Consider the shark-munched world of mergers and acquisitions (M&A). In 2005, 39% of M&A deals were challenged by lawsuits, one study found. By 2011 a hefty 96% of acquisitions worth more than $500m were attracting suits, according to Robert Daines of Stanford University (who spotted the Vonnegut quote) and Olga Koumrian of Cornerstone, a consultancy. Each deal was hit by an average of 6.2 lawsuits. Many were filed within hours of the deal’s announcement; 65% within two weeks.
Plaintiffs’ lawyers insist that the process can be healthy—a view with which Mr Daines has some sympathy. Those representing shareholders of the company being bought typically sue for more money, better terms or more disclosure. Sometimes light is shed on a murky process: plaintiffs won $89.4m when they challenged the purchase of Del Monte, a food company, by Kohlberg Kravis Roberts, a private-equity firm. (Barclays, the investment bank involved, was accused of a conflict of interest.)
However, the judge who approved that suit, J. Travis Laster of Delaware’s Chancery Court, had also become an outspoken public critic of “worthless”, “sue-on-every-deal” lawsuits. In March he told one group of plaintiffs’ lawyers: “I don’t think for a moment that 90%—or based on recent numbers, 95%—of deals are the result of a breach of fiduciary duty.”
Most such lawsuits are now settled with the plaintiffs receiving only additional disclosures about the deal. The plaintiffs may or may not benefit. (Their lawyers, naturally, say they do.) But the lawyers certainly gain: to the tune of about $1.2m per settlement last year. Since this is less than 0.1% of the average deal’s value, and both sets of directors have staked a lot on the sale, settlement even of nuisance suits is usually the least-bad option.

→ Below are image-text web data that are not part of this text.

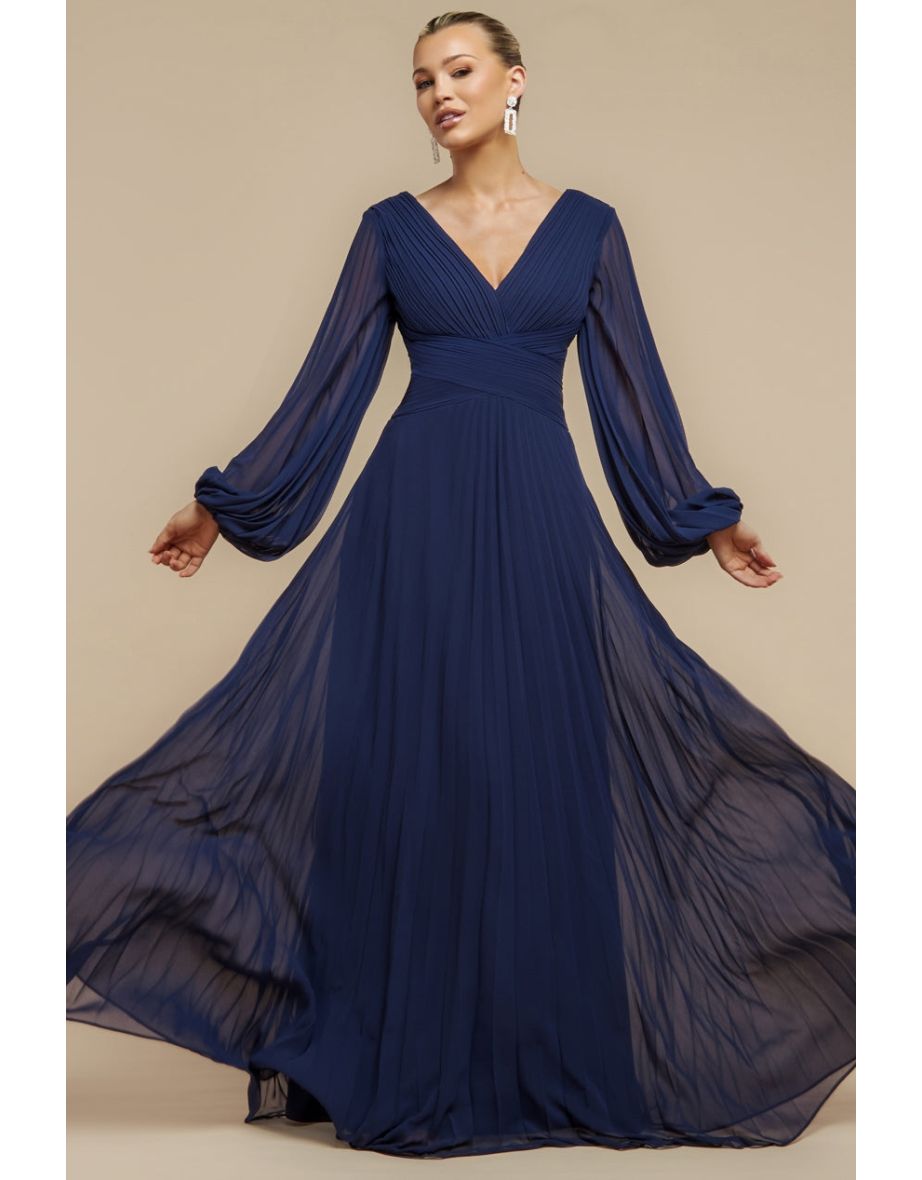 Goddiva Balloon Sleeve Chiffon Maxi Dress - Navy Blue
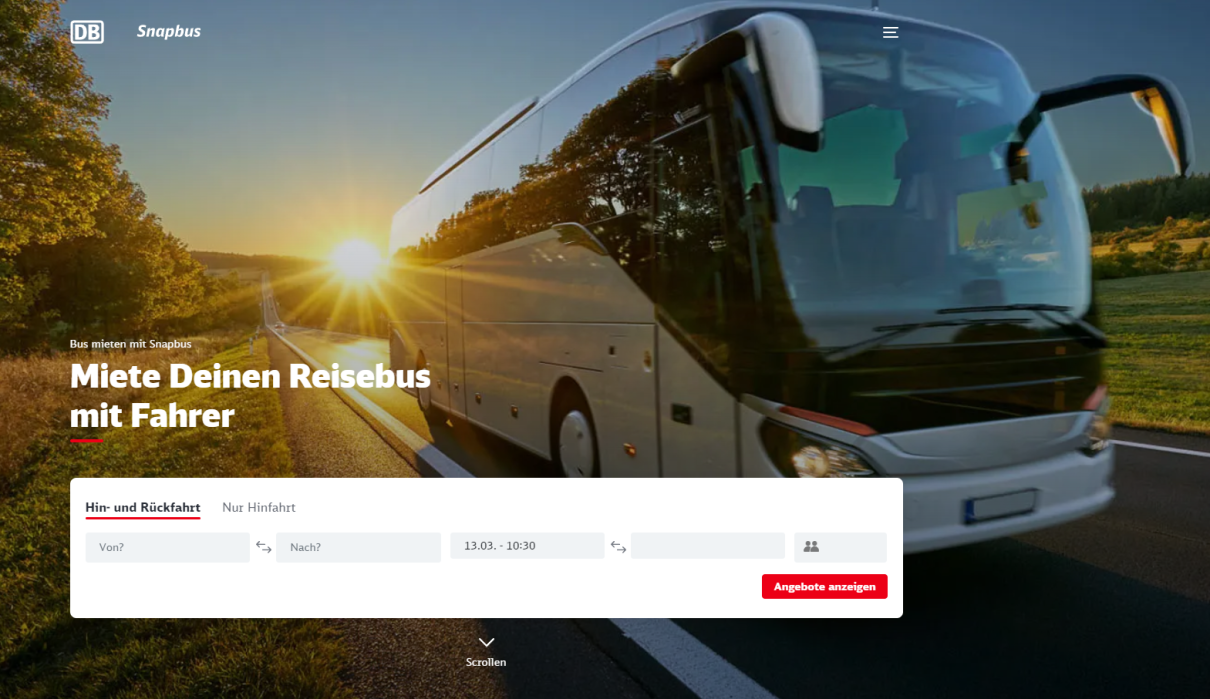 Homepage of the Snapbus booking platform Homepage of the Snapbus booking platform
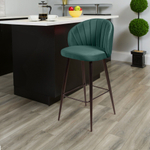 Стул барный Mont Blanc, бархат изумрудный 87 / черный конус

Randall Baron, the lawyer at Robbins Geller Rudman & Dowd who won the settlement in the Del Monte case, says: “There are four or five [plaintiffs’] firms that bring value, and [others] that bring suits for a quick buck,” inspired by the success of firms like his. Most big American companies are incorporated in Delaware, a tiny state known for sophisticated corporate law and experienced courts. Delaware’s judges—in public comments like those of Judge Laster and from Leo Strine, head of the Chancery Court—are signalling that they will begin cutting awards of legal fees to those lawyers who bring copy-and-paste suits that merely win a quick extra disclosure or two.

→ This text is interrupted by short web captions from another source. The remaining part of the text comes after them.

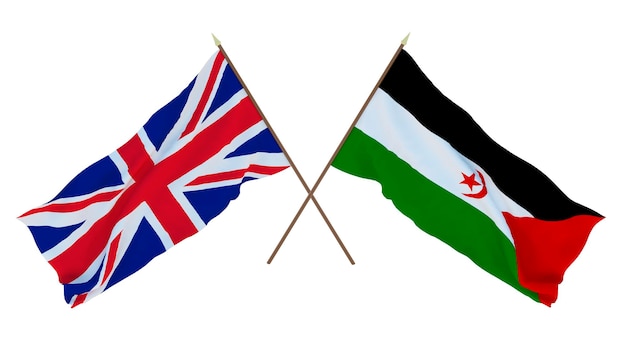 Background for designers illustrators National Independence Day Flags The United Kingdom of Great Britain and Northern Ireland and Sahrawi Arab Democratic Republic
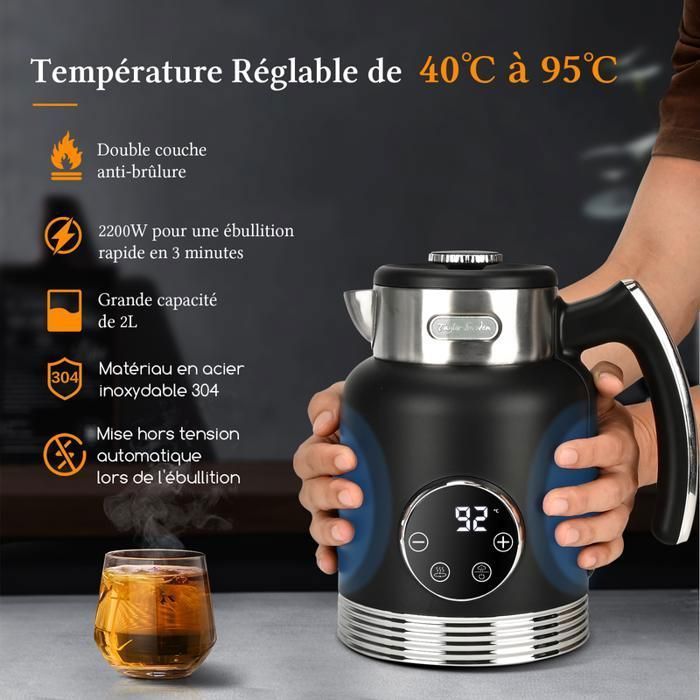 Taylor Swoden Asher Pro Electric Kettle, 2L Capacity, Adjustable Temperature Control 40-100°C, Keep Warm Function, Black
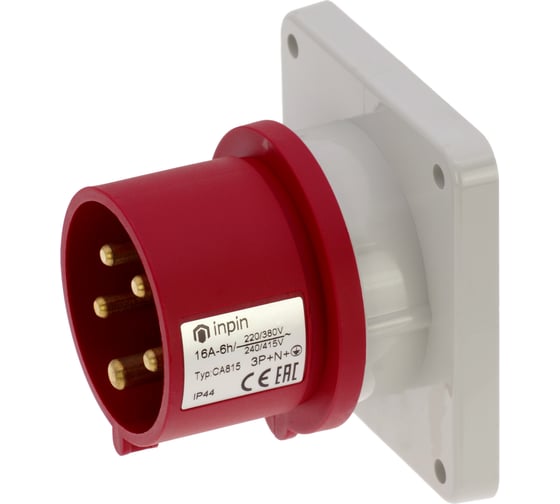 Встраиваемая вилка INPIN 16A/400V/3P+N+E/IP44, фланец 86x86 CA815 1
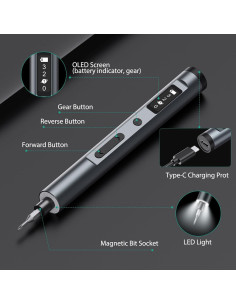 Juego de Destornilladores Eléctricos ORIA 62 en 1 con Pantalla OLED 2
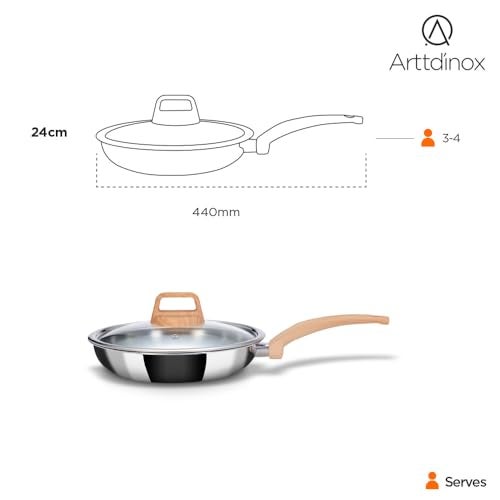 Arttd Inox ARTTDINOX Timber Frying Pan Stainless Steel | Steel Fry pan | Wood Finished Handle | Frying pan | Pan with Lid | Gas & Induction Base, 24cm/1.8Ltr, Jindal Stainless, Silver - Image 4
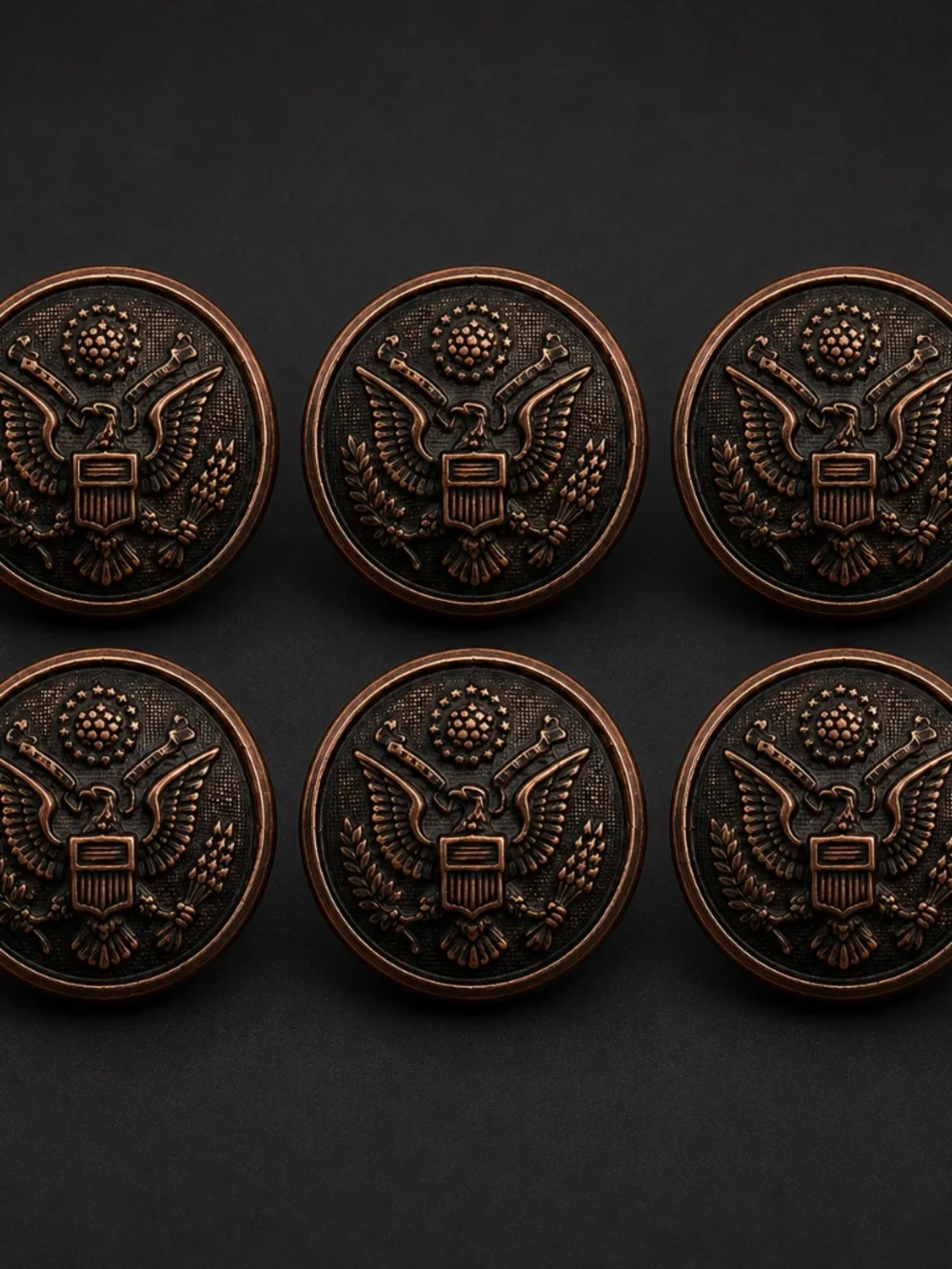 WWI Era U.S. Army Great Seal Uniform Buttons Lot of 6 – Blackened Bronze 1917–18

That might deter the most egregious “frequent filers”. The judges want to reward those who bring good suits, while punishing time-wasters. The judges also want to preserve Delaware’s unique influence as America’s incorporation capital. But the balance is hard to strike. And in response, more plaintiffs’ lawyers are filing outside Delaware (usually where the company is headquartered, rather than where it is incorporated). With several suits on nearly every deal, defendants find themselves in an expensive and time-consuming multi-state mess.

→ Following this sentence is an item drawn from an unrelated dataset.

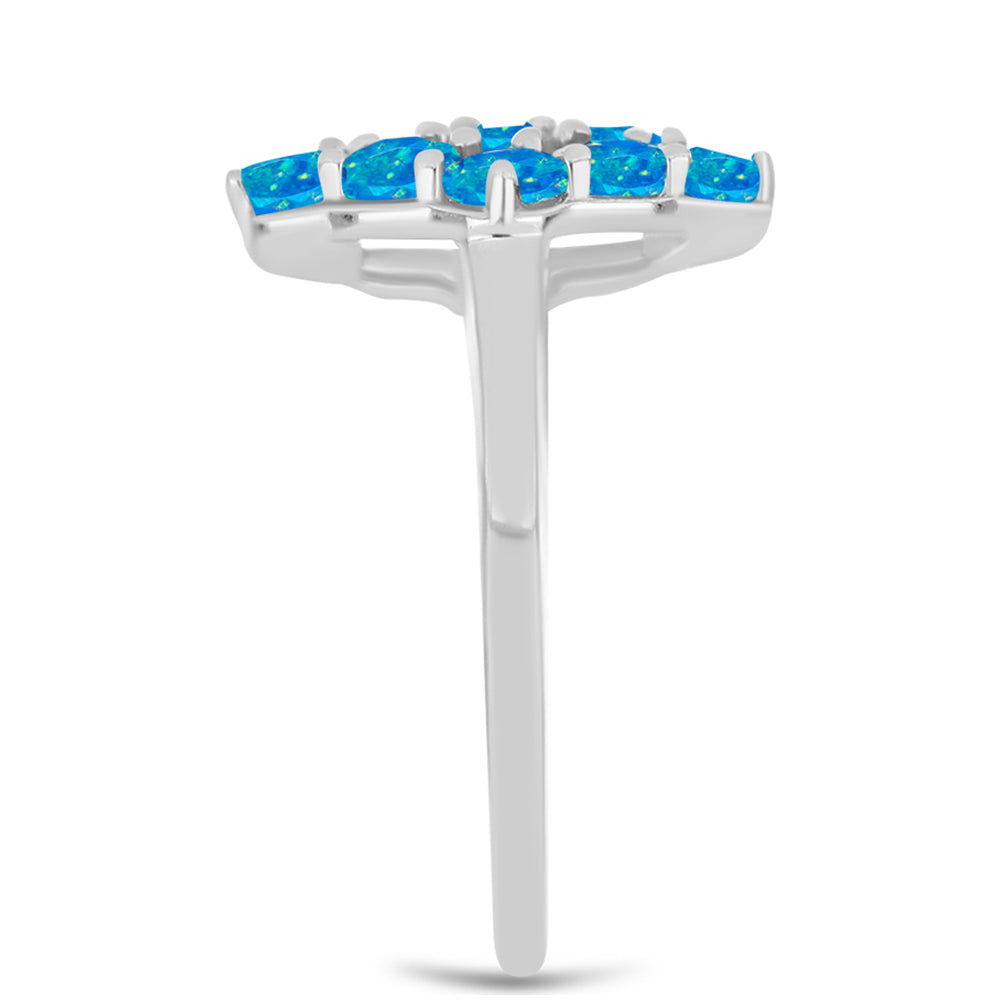 Stříbro 925/1000 - Prsten s etiopským Paraiba modrým opálem - Karátové číslo: 0.62. přibližná hmotnost: 2.55 gramů 4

Nonetheless, Mr Baron argues that M&A lawsuits benefit shareholders. Some deals involve manipulation and deception. Lawyers like him do what the regulators would if they weren’t so understaffed, he says. Others see it differently. Patrick Gibbs of Latham & Watkins, which defends companies in such cases, points out that only companies that buy others all the time (such as private-equity firms) have enough incentive to fight rather than settle. Others will take the path of least resistance and pay the litigators to go away. Which is why M&A lawsuits are here to stay.